Before LOGAN, JOHN P. MOORE and STEPHEN H. ANDERSON, Circuit Judges.



Bobby Battle, the class representative of inmates incarcerated in the Oklahoma State Penitentiary, appeals from the dismissal of his claim of a denial of equal protection under the Fourteenth Amendment because of racial discrimination.

Upon consideration of the record, the briefs, and the arguments of counsel, the order and judgment of the district court is VACATED. This case is remanded for a full evidentiary hearing concerning compliance at the present date by the Oklahoma Department of Corrections (DOC) with the existing orders and injunctions in this action concerning racial discrimination in violation of the Equal Protection Clause of the Fourteenth Amendment, see Battle v.
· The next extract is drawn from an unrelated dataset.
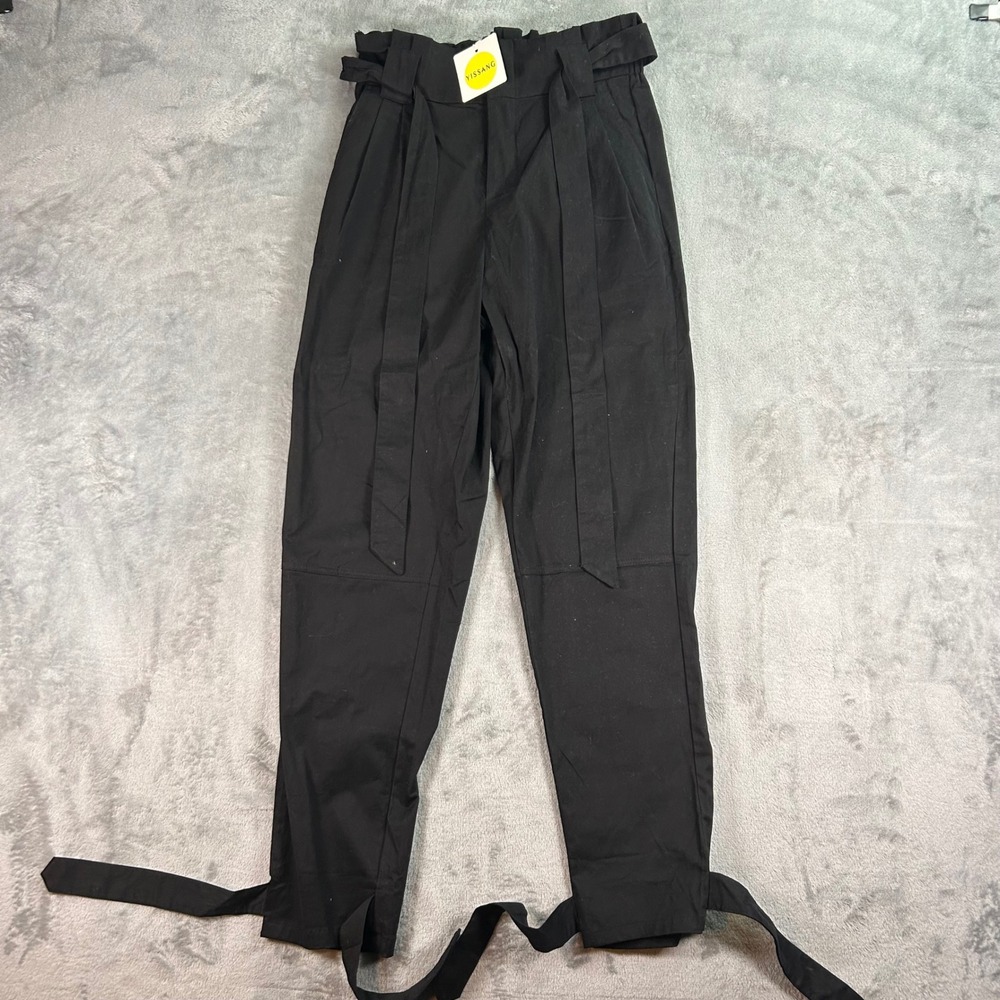 Yissang Black Paperbag Waist Tapered Pants with Ankle Ties Size M NEW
Anderson, 376 F. Supp. 402, 428-30 (E.D. Okla. 1974); Battle, 457 F. Supp. 719, 739-40 (E.D. Okla. 1978), along with such further actions and orders in connection therewith or resulting therefrom as may be appropriate. The evidentiary hearing should focus on job assignments, but should also cover segregation in celling and dining, as well as other claims of discrimination.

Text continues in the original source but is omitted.